You can see an example of the gene, transcript, exon and CDS model format that VEP expects within GFF files here: https://www.ensembl.org/info/docs/tools/vep/script/vep_cache.html#gfftypes
If you have any further questions, please let us know.
Kind Regards, Andrew
Hi Andrew,
Thanks a lot for your help! I have edited the GFF to include transcript and exon lines and now it works!
Best regards, Electra
Hello @etapanari,
can you share this updated annotation with "transcipt" and "exon" lines?
Thanks in advance and best regards, Stefan
Hi @stefanches7,
Just incase you're interested, we now have an Ensembl COVID-19 site where you can find a gff file that is supported in VEP - https://covid-19.ensembl.org/info/data/ftp/index.html
Kind Regards, Andrew
Thanks @aparton, this is quite useful! This file was at first hard to find, because I've tried to "Export data via the website" but found no "Export data" button. https://covid-19.ensembl.org/downloads.html also seems to point only to the help page, but not the actual data.

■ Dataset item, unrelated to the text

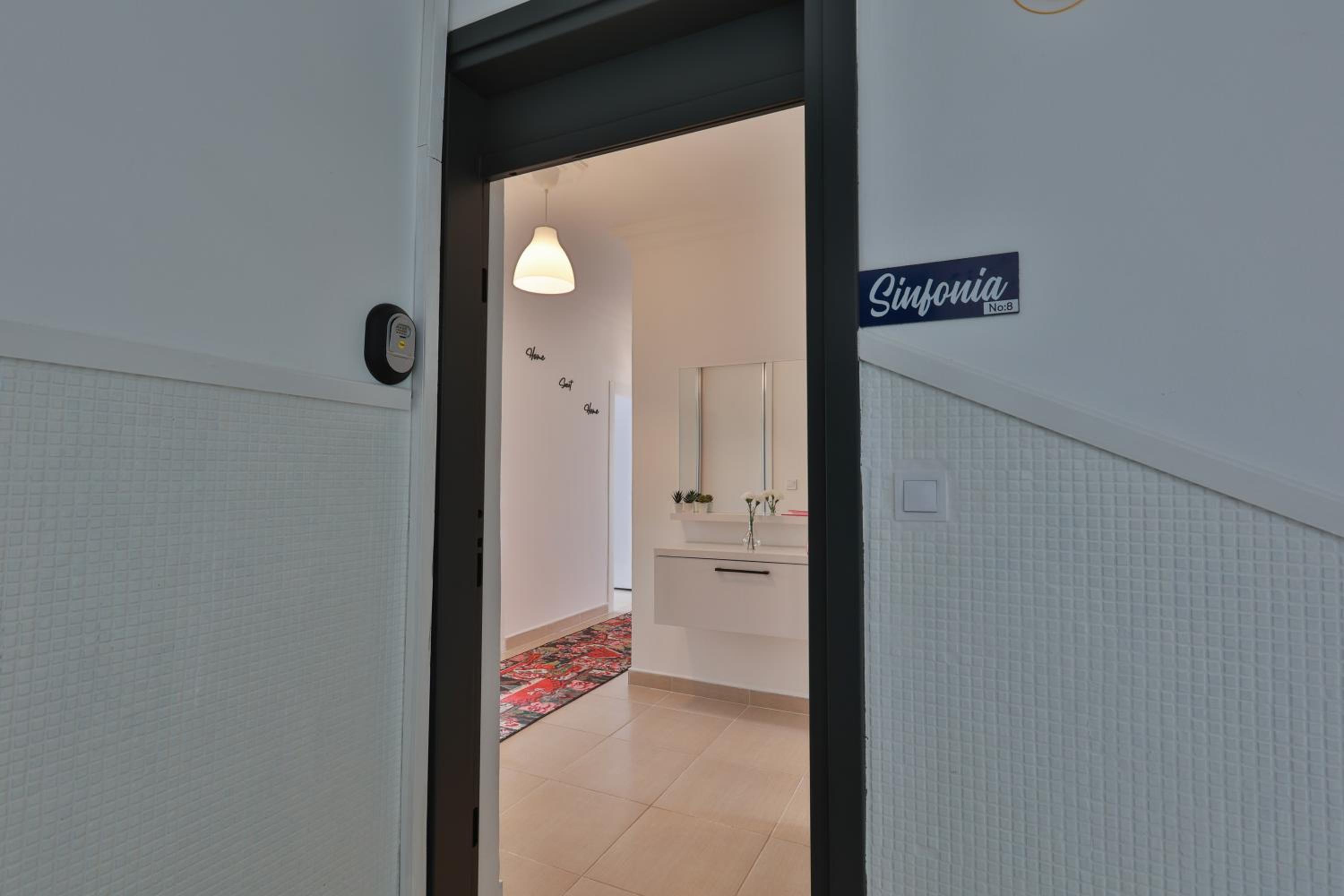 Melissas Suites Lara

The other point are the subproteins that are there in pp1ab polyprotein. In my group, for instance, we are interested for variant consequences on protein level, so maybe it would be useful if annotation also contained the respective fields for non-structural proteins? I've done it now manually just by fetching UCSC uniProtCov table and converting the information to GFF3 format.
Best regards, Stefan
Hi @stefanches7,
Thank you for your feedback, I've passed it on to the appropriate people.

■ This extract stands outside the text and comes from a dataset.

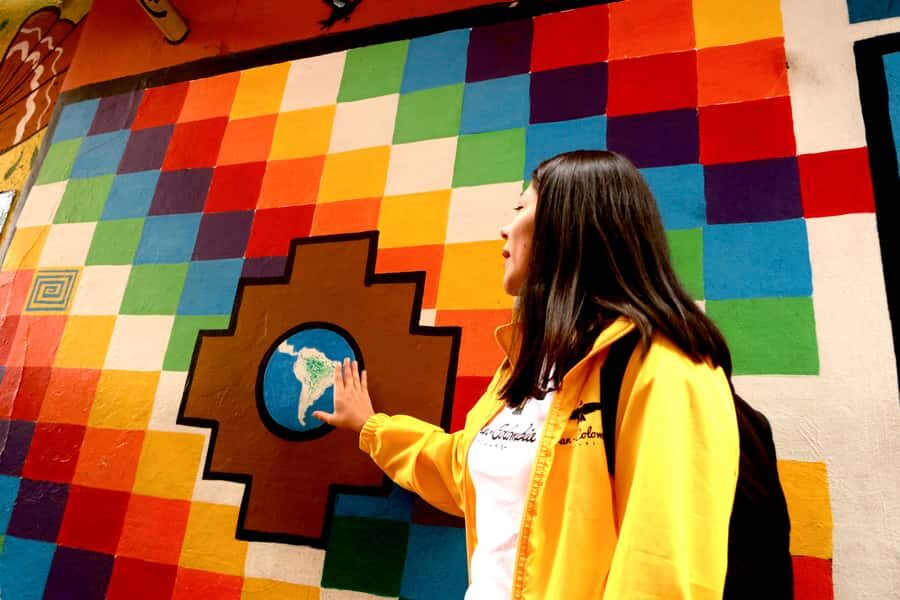 Bogotá: La Candelaria Graffiti & Urban Art Guided Tour - Chorro de Quevedo meet-up: the easiest way to start the right way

I'm going to close this ticket now. If you have any further questions, please feel free to reopen it or open a new one.
Kind Regards, Andrew
Hi there,
I have ran VEP for covid-19 using 1) a gff file 2) genome reference file 3) variation file of ensembl format
and I get back a very poor variation annotation.
Is it something that I am doing wrong? Is it maybe that VEP doesn't work properly for viral genomes?
A colleague tried another variation annotation tool snpEff and it gave her a much richer annotation for the variations.
I have the feeling that when using VEP, it ignores the GFF file I provide because I don't even see transcipt or gene annotations in the results.